• [Your objective]:
Among the lines below, the one containing "Bán đất mặt tiền chợ Tân Thới Nhì" opens the range and the one containing "Processes 13 00614 g005" closes it. Print that range exactly, without the pictures.

• [Working data]:
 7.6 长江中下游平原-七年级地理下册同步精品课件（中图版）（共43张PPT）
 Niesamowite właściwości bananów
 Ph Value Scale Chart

==

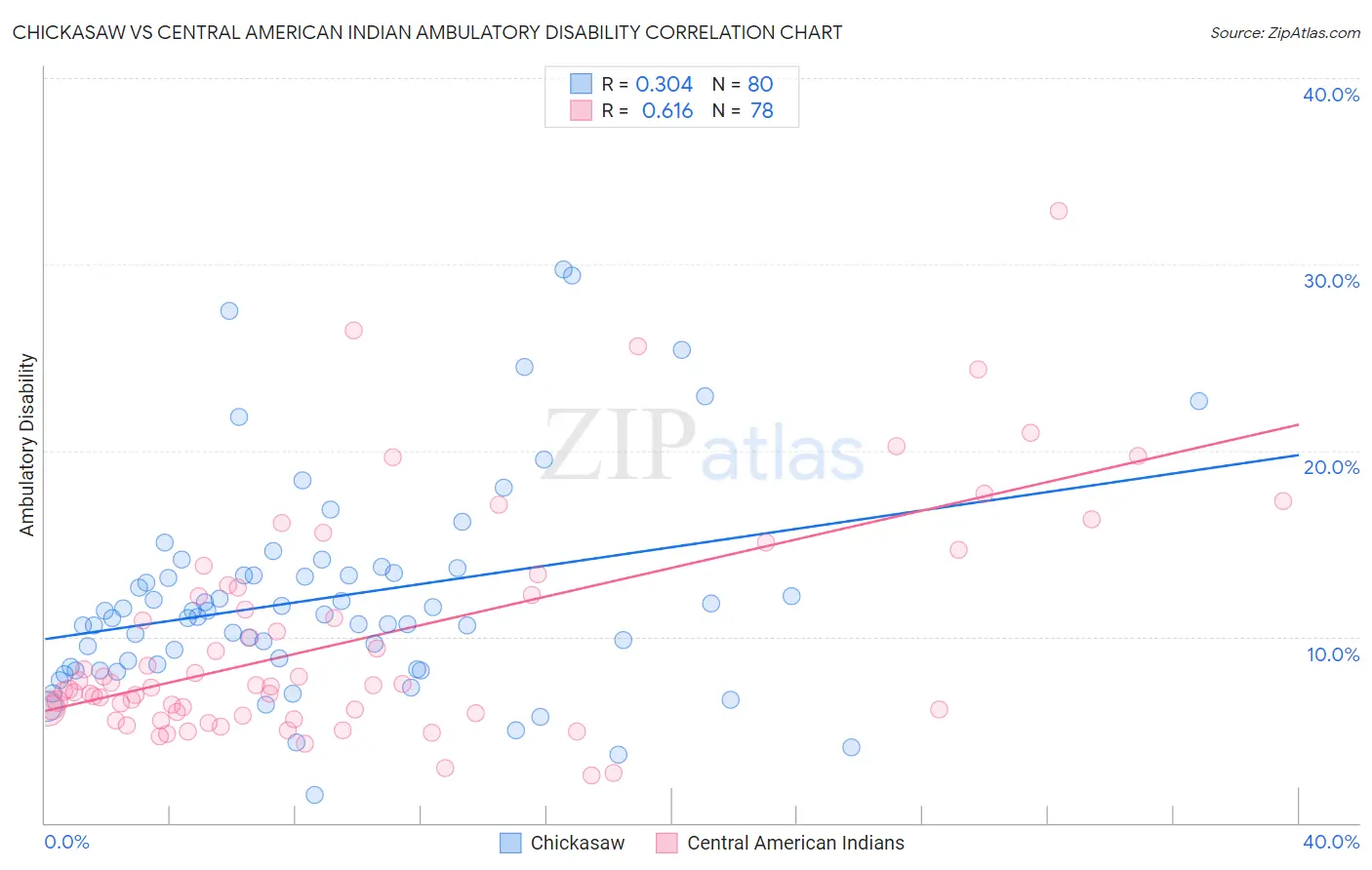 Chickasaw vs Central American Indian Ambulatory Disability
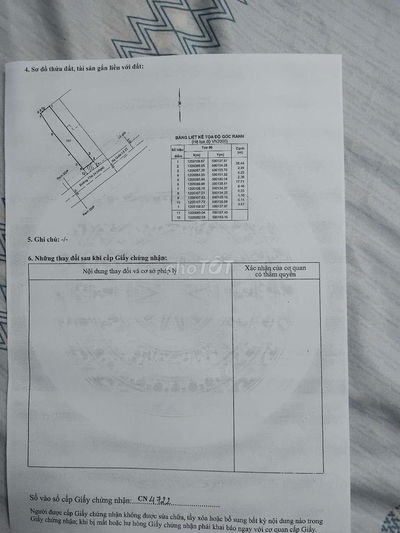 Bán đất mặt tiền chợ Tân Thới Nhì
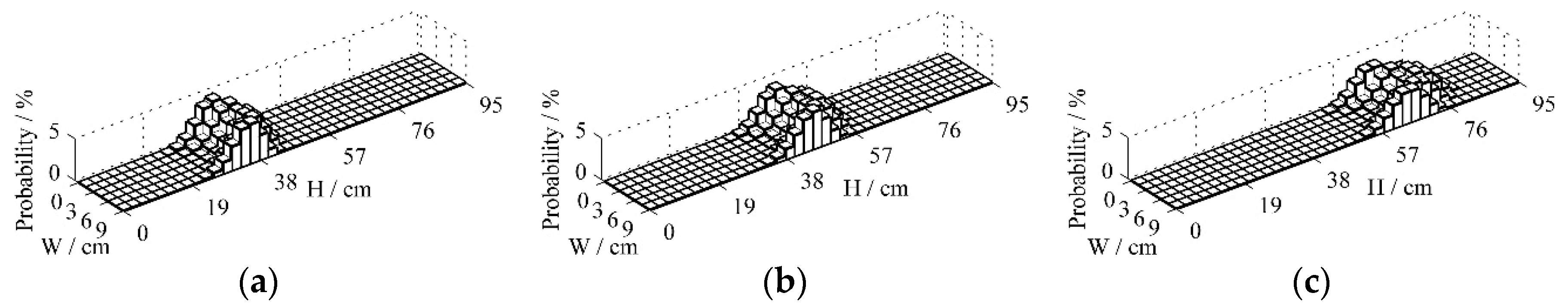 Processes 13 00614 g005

...

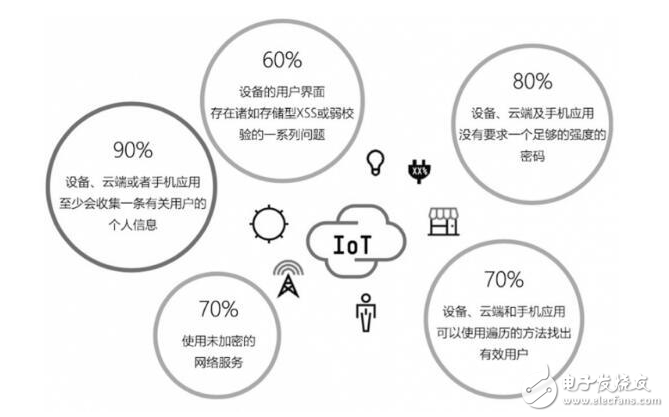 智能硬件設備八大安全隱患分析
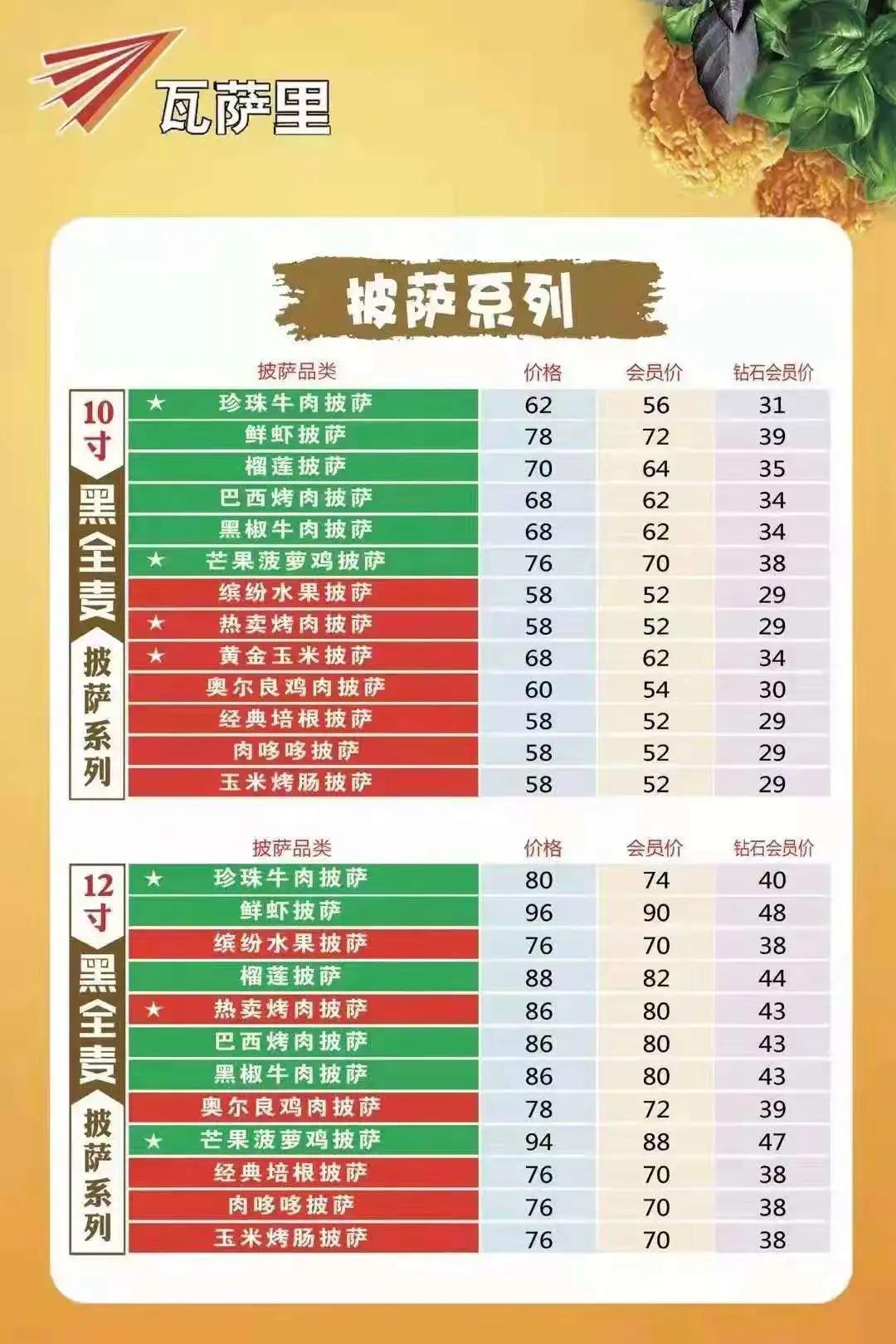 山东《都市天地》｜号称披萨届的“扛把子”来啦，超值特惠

• [Reply]:
 Bán đất mặt tiền chợ Tân Thới Nhì
 Processes 13 00614 g005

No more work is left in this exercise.